Question: Do you foresee any reasonable possibility of a return to indoor dining this year in the city?
Mayor: There's not a context for indoor dining. We're never saying it's impossible. But, based on what we've seen around the world, we do not have a plan for reopening indoor dining in the near term. Hong Kong started to have a resurgence directly related to indoor dining and bars and had to close them down. We’ve seen it in Europe lately as well.
Lehrer: I heard somebody say, if you can open schools and we have a one quarter of one percent positivity rate in the city now, then you should be able to let the restaurateurs open with limited percentage indoor dining, that they could do that safely. You want to give one more response?

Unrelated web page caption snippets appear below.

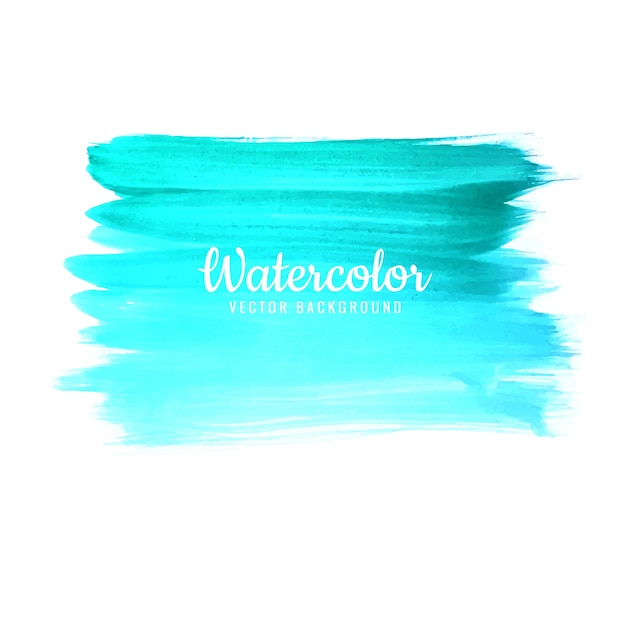 Hand drawn watercolor stroke blue shade background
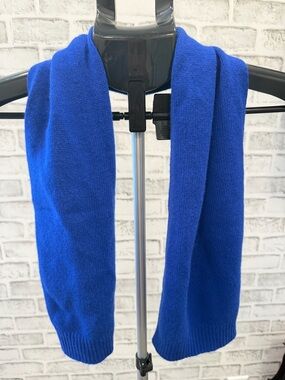 Talbot’s Royal Blue Cashmere Keyhole Scarf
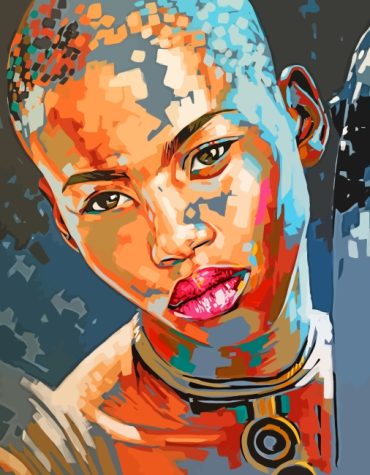 Bald African Woman Paint By Numbers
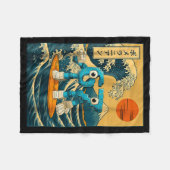 Six Seven 6-7 Japanese Great Wave Off Kanagawa 67  Fleecedecke (Vorderseite (Horizontal))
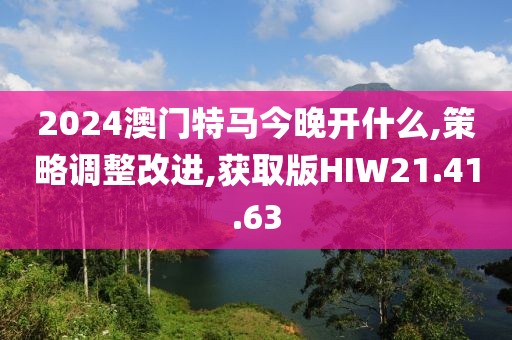 2024澳门特马今晚开什么,策略调整改进,获取版HIW21.41.63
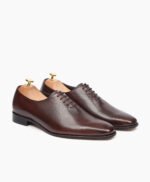 Lompoc Wholecut Dark Brown Calf Leather Shoes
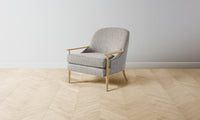 The Leroy Chair - Performance Tweed Oatmeal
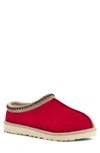 Ugg Men's Tasman Mashup Suede Slippers In Chestnut/red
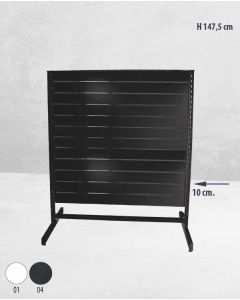 Panilklæddur sölustandur tvíhliða - 127 x H147 sm. 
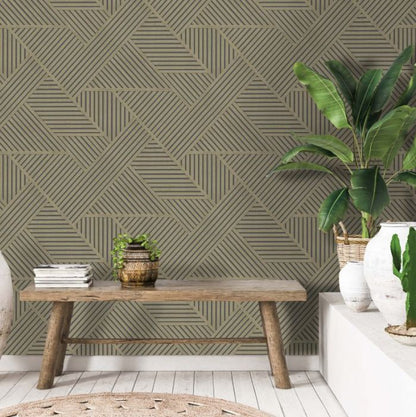 Elba Geometric Panelled Wallpaper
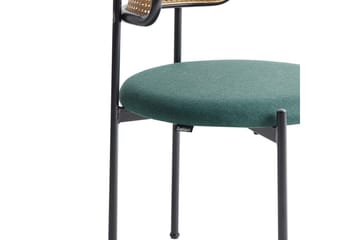 Set med 2 matstolar Andover - Svart, ljust trä, grönt - Möbler - Stolar & fåtöljer - Matstol & köksstol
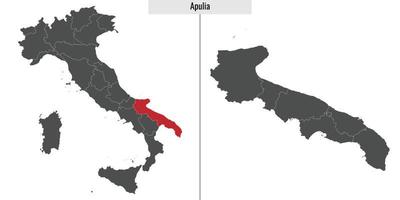 mapa província do Itália vetor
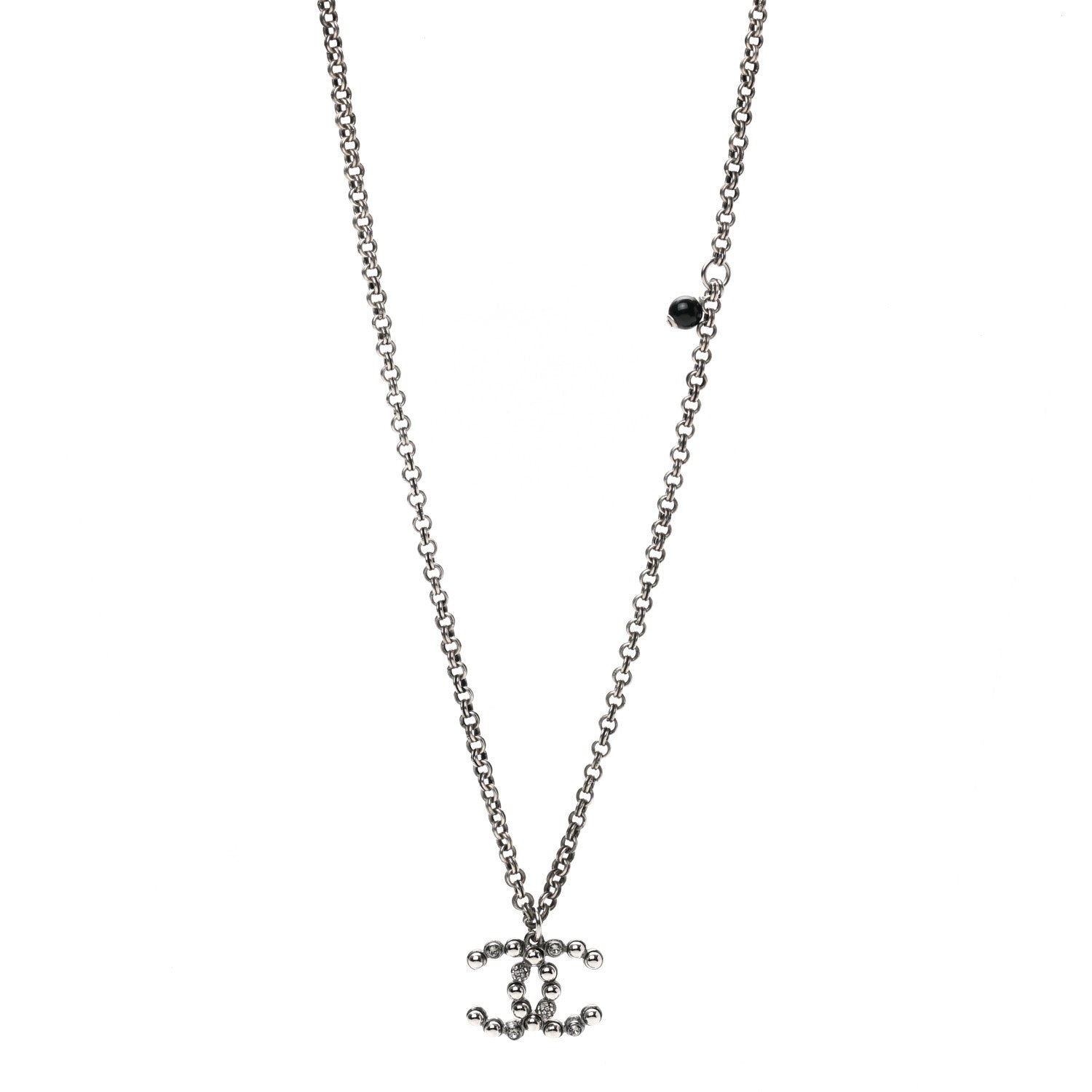 Chanel Crystal CC Necklace Ruthenium 1 of 7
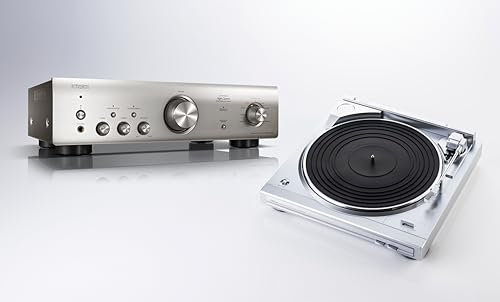 Denon DP29FE2 Record Player for Vinyl Records, Vinyl Turntable, MP3 & WAV, 33/45 RPM + Denon PMA600NE HiFi Amplifier, Power Amplifier with Bluetooth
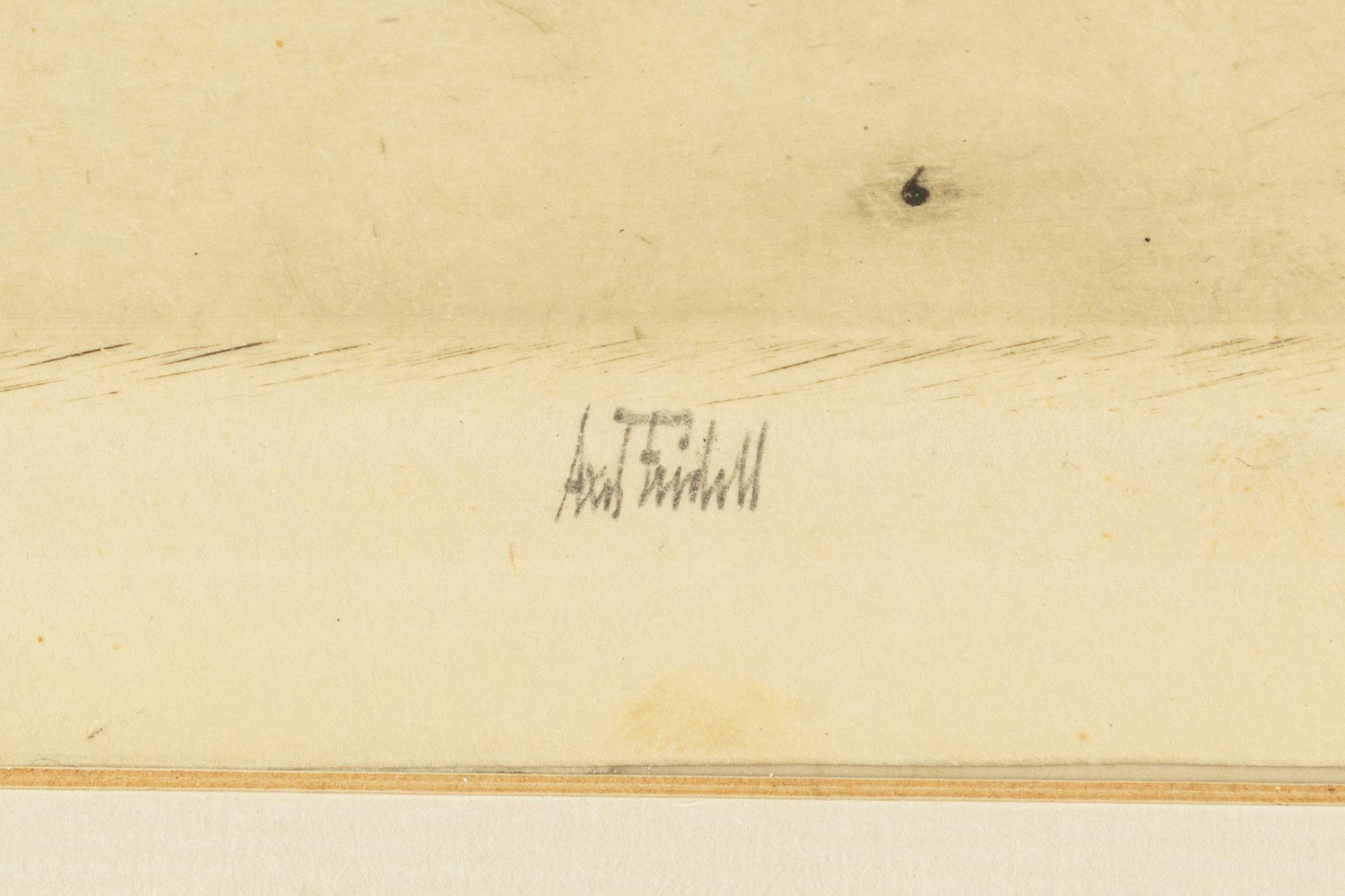 Axel Fridell, "Galärvarvet", I état. (Unikt).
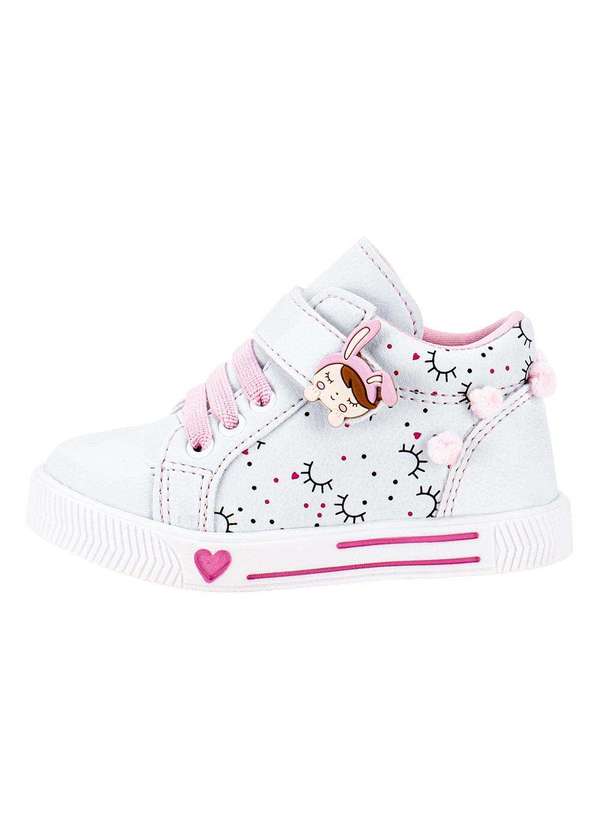 Linda Ju - Tênis Infantil Cano Alto Linda Jú 60221 - Azul/Rosa 2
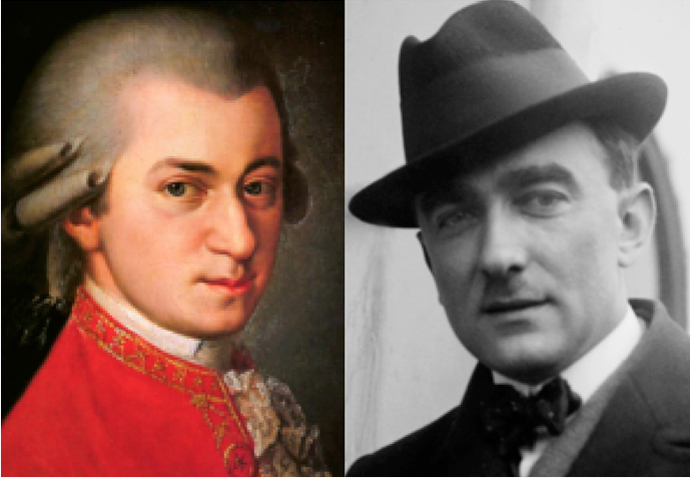 Mozart and Szymanowski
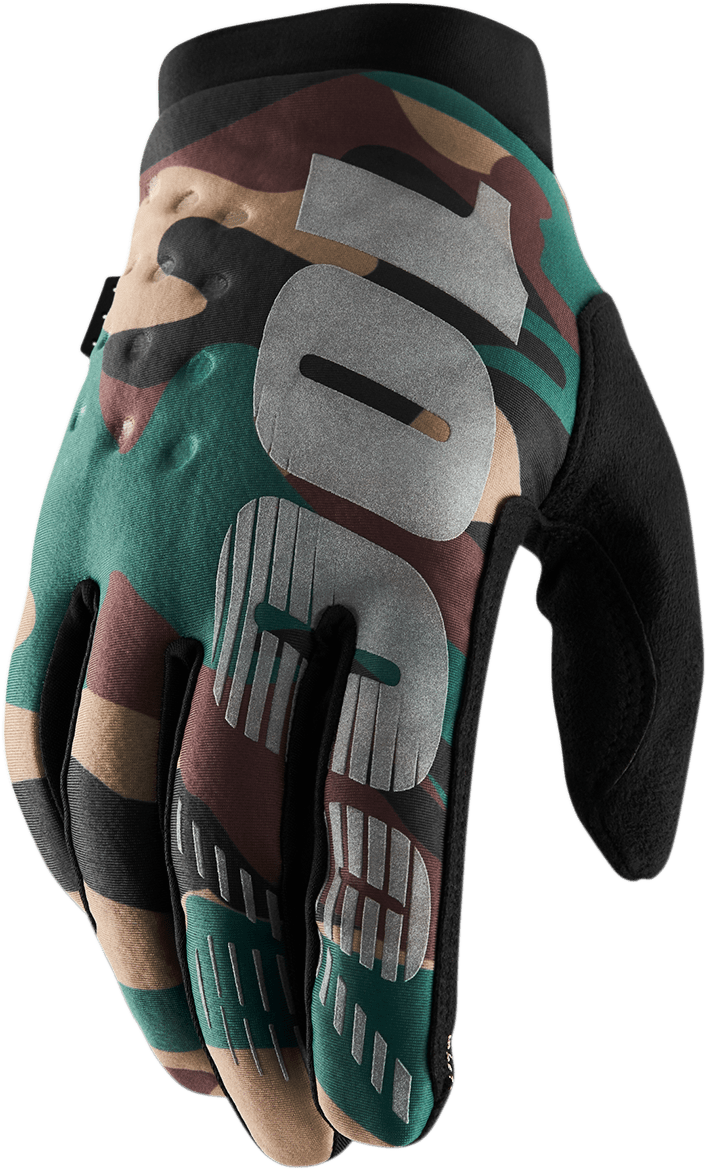 100% Brisker Gloves - Camo/Black - 2XL 10003-00009 - Electrek Moto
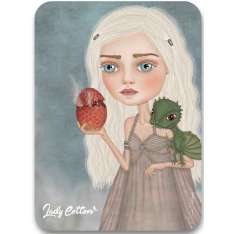 Laddy Cotton Espejo Doble Portatil Madre de Dragones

Mayor: I ask the health experts this constantly. Obviously, we do care about the huge number of people that work in the restaurant industry. I want them back to work. A lot of the problem comes from going back to the normal reality we knew with indoor dining. I wish it wasn't true. It just is true. There's a night and day reality between a school and indoor dining. We are obligated to provide our kids an education. We can't do that effectively without some in-person instruction. We can make sure everyone's wearing a mask, we have tons of safety precautions that we run as the public sector and we control. We don't control what happens inside a restaurant or a bar at every hour. We know people don't wear masks in restaurants and bars; by definition, you're eating and drinking. The chance of transmission goes up greatly. I wish it wasn't true, I'm not happy about it, but it's just the truth, and New Yorkers actually prefer the blunt truth.